Note 11 Income Taxes
The income tax provision reconciled to the tax computed at the statutory Federal rate follows:
| | | 2017 | | 2016 | |
| | | | | | | | |
| Tax Expense (Benefit) at Statutory Rate | | $ | 625,603 | | $ | (1,345,685) | |
| Valuation Allowance (Recovery) | | | (570,139) | | | 1,344,094 | |
| Non-Deductible Expenses and Other | | | (62,225) | | | 1,591 | |
| Tax Reform Revaluation, Net of Valuation Allowance | | | (39,037) | | | - | |
| State Taxes, Net of Federal Benefit | | | 47,021 | | | 47,916 | |
| Income tax expense | | $ | 1,223 | | $ | 47,916 | |
| | | | | | | | |
| Current | | $ | 1,223 | | $ | 47,916 | |
| Deferred | | | - | | | - | |
| Total | | $ | 1,223 | | $ | 47,916 | |
Deferred income taxes are comprised of the following:
| | | 2017 | | 2016 | |
| Deferred tax assets (liabilities): | | | | | | | |
| Inventories | | $ | 27,122 | | $ | 104,190 | |
| Stock options and other | | | 58,050 | | | 93,985 | |
| Alternative Minimum Tax credit carryforward | | | 1,703 | | | 24,674 | |
| Contingencies and accruals | | | 81,907 | | | 152,846 | |
| Property and equipment | | | (228,460) | | | (214,383) | |
| Net operating loss carryforward | | | 7,376,283 | | | 12,174,859 | |
| Total deferred tax assets, net | | $ | 7,316,605 | | $ | 12,336,171 | |
| | | | | | | | |
| Valuation allowance | | $ | 7,316,605 | | $ | (12,336,171) | |
As of December 31, 2017, the Company had $2,729,636 of net operating loss carry-forwards, related to the Superior Galleries acquisition which may be available to reduce taxable income in future years, subject to the applicable Internal Revenue Code Section 382 limitations.
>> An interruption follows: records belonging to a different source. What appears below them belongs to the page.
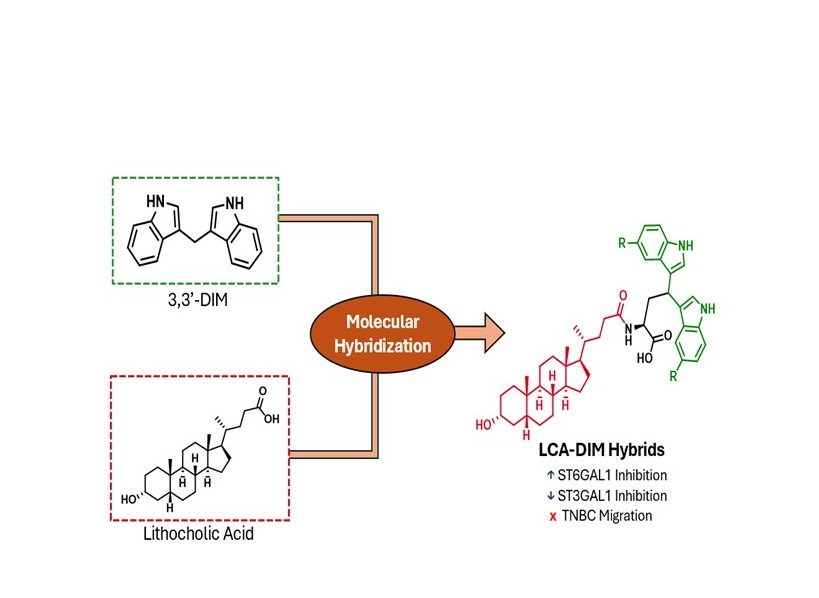 UP Chemists Synthesize New Hybrid Molecules That Limit Cancer Cell Spread
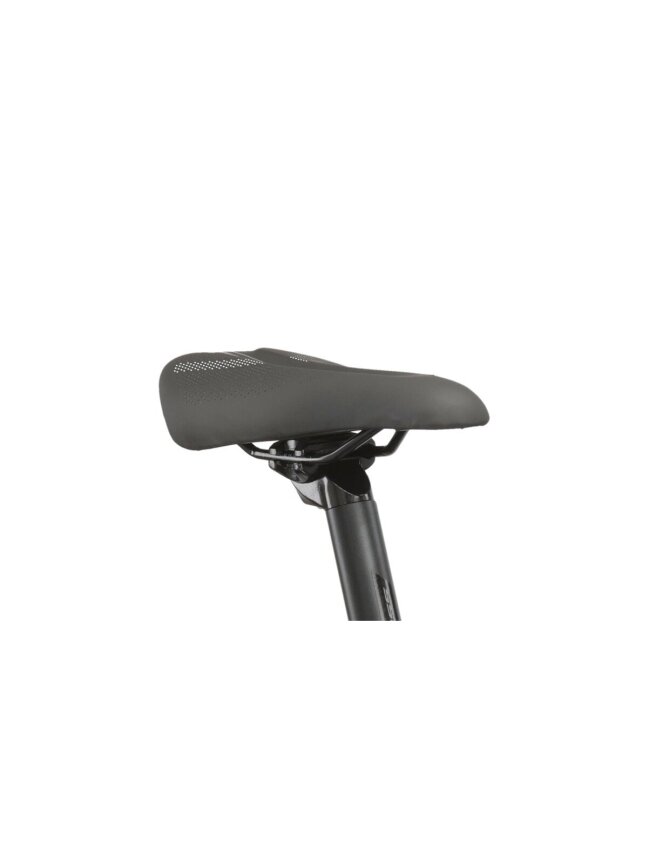 KROSS Hexagon Boost 3.0 576 Wh sil-bla g elektrinis kalnų (MTB) dviratis (29") 13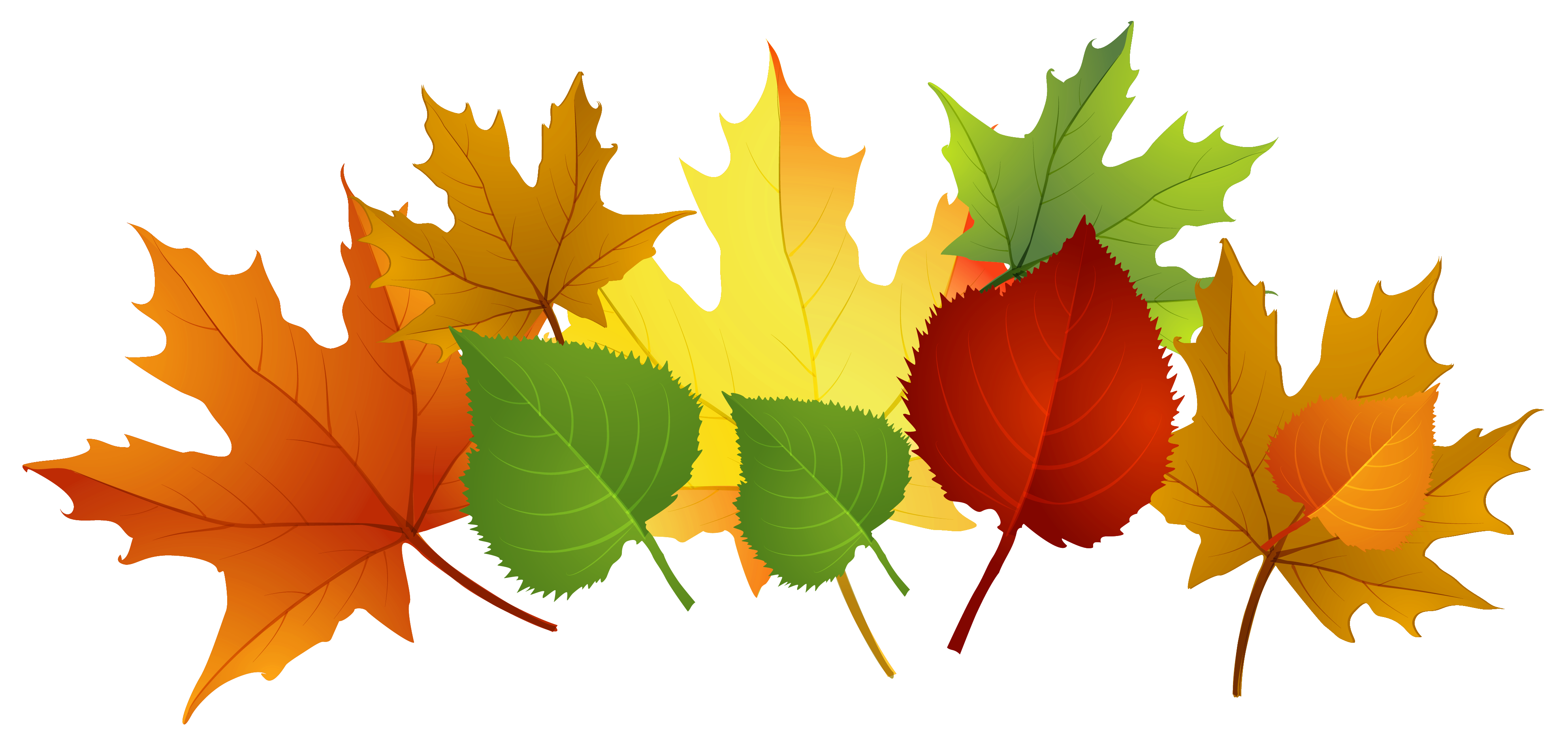 Fall Leaves Fall Clip Art Autumn Clip Ar-Fall leaves fall clip art autumn clip art leaves clip art clipart-8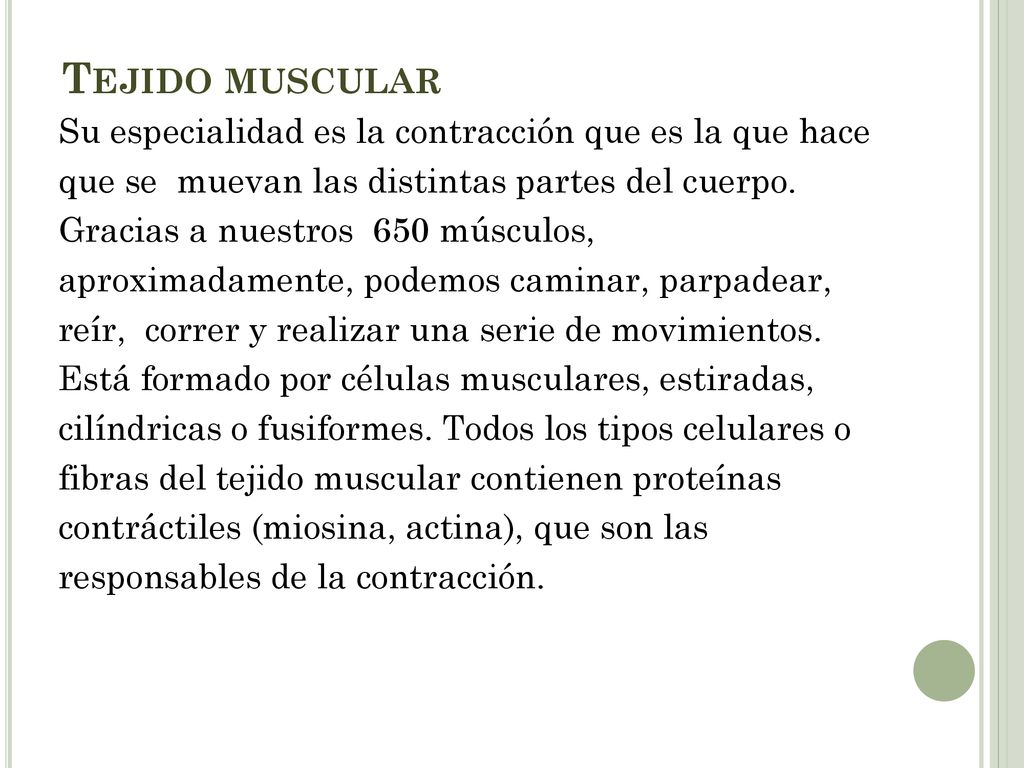 Tejido muscular Su especialidad es la contracción que es la que hace
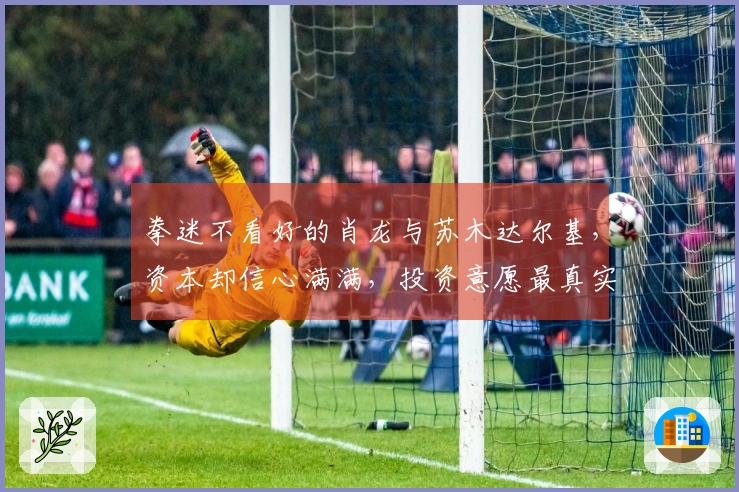 拳迷不看好的肖龙与苏木达尔基，资本却信心满满，投资意愿最真实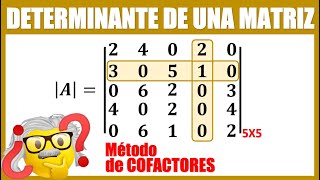 Determinante de una matriz 5X5 por COFACTORES [upl. by Analah]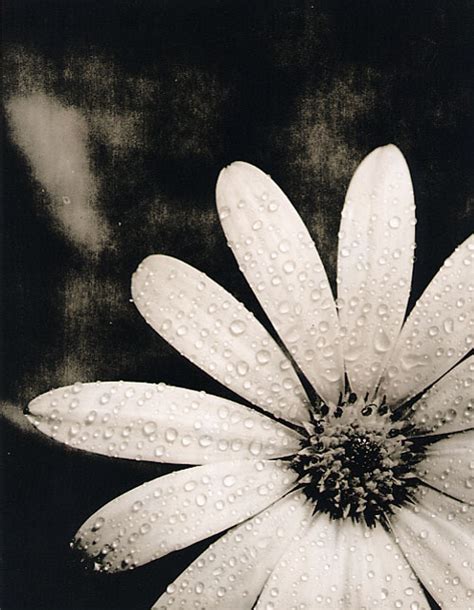 Lith Printing | Photography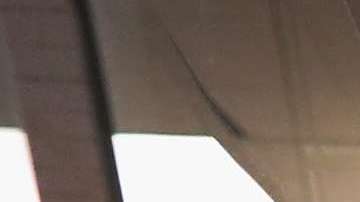 USCIS revisa actualmente las solicitudes de visas H-2B.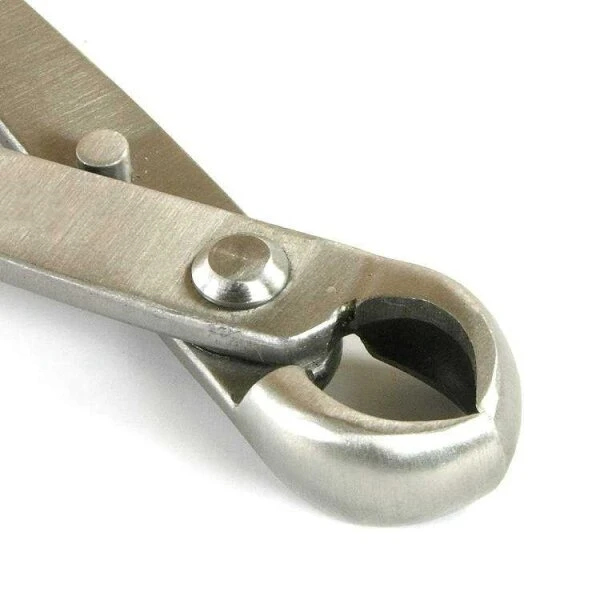 Knospenzange 18cm Top Edelstahl 5 Knospenzange 18cm Top Edelstahl – Bild 3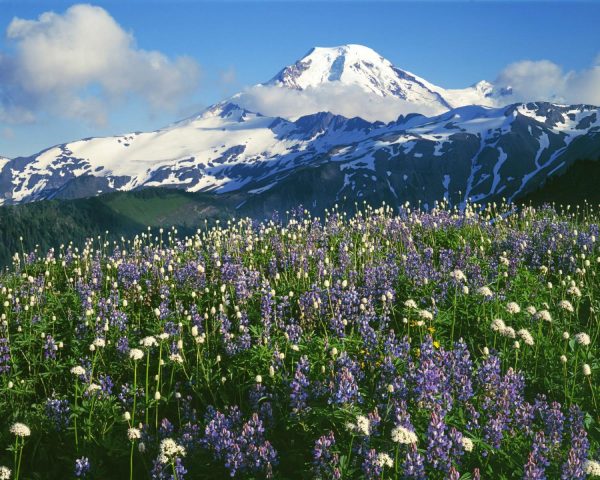 Nature | Mt. Baker Snoqualmie Nat. Forest Meadows Wall Mural Landscapes & Scenic Landscapes & Scenic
As of December 31, 2017, the Company had approximately $37,383,432 of net operating loss carry-forwards related to Superior Galleries’ post acquisition operating losses and other operating losses incurred by the Company’s other operations. These carry-forwards will expire, starting in 2026 if not utilized. As of December 31, 2017, the Company determined, based on consideration of all available evidence, including but not limited to historical, current and future anticipated financial results as well as applicable IRS limitation and expiration dates related to the Company’s net operating losses a full valuation allowance should be recorded for its net deferred tax assets.
The Tax Cuts and Jobs Act (the “Tax Act”), which was enacted December 22, 2017, reduced the corporate income tax rate effective January 1, 2018 from 35% to 21%. Among the other significant tax law changes that potentially affect the Company are the limitations on the deduction for interest incurred in 2018 or later of up to 70% of its taxable income for the carryforward year and the limitation of the utilization of post 2017 net operating loss carryforwards. At December 31, 2017, the Company has not completed its accounting for the tax effects of enactment of the Tax Act, however, it has made reasonable estimates of the effects on its existing deferred tax balances. The Company does not anticipate material changes to its income tax provision as a result of the passage of the Tax Act until pre tax law change net operating losses are fully utilized or expire in 2026. The Company has remeasured certain deferred federal tax assets and liabilities based on the rates at which they are expected to reverse in the future, which is generally 21%. The deferred tax assets of the Company were reduced by $4,529,327 as a result of this remeasurement. This change was fully offset by the corresponding change in the valuation allowance. The Company has recorded $39,037 on noncurrent receivable related to alternative minimum tax credits which are refundable under the act. The valuation allowance recorded against the alternative minimum tax credits has been reduced and a deferred tax benefit has been recognized in the provision. The Company is still analyzing certain aspects of the Tax Act, and refining its calculations, which could potentially effect the measurement of those balances or potentially give rise to new deferred tax amounts. The Company’s estimates may also be effected in the future as the Company gains a more thorough understanding of the Tax Act, and how the individual states are implementing this new law.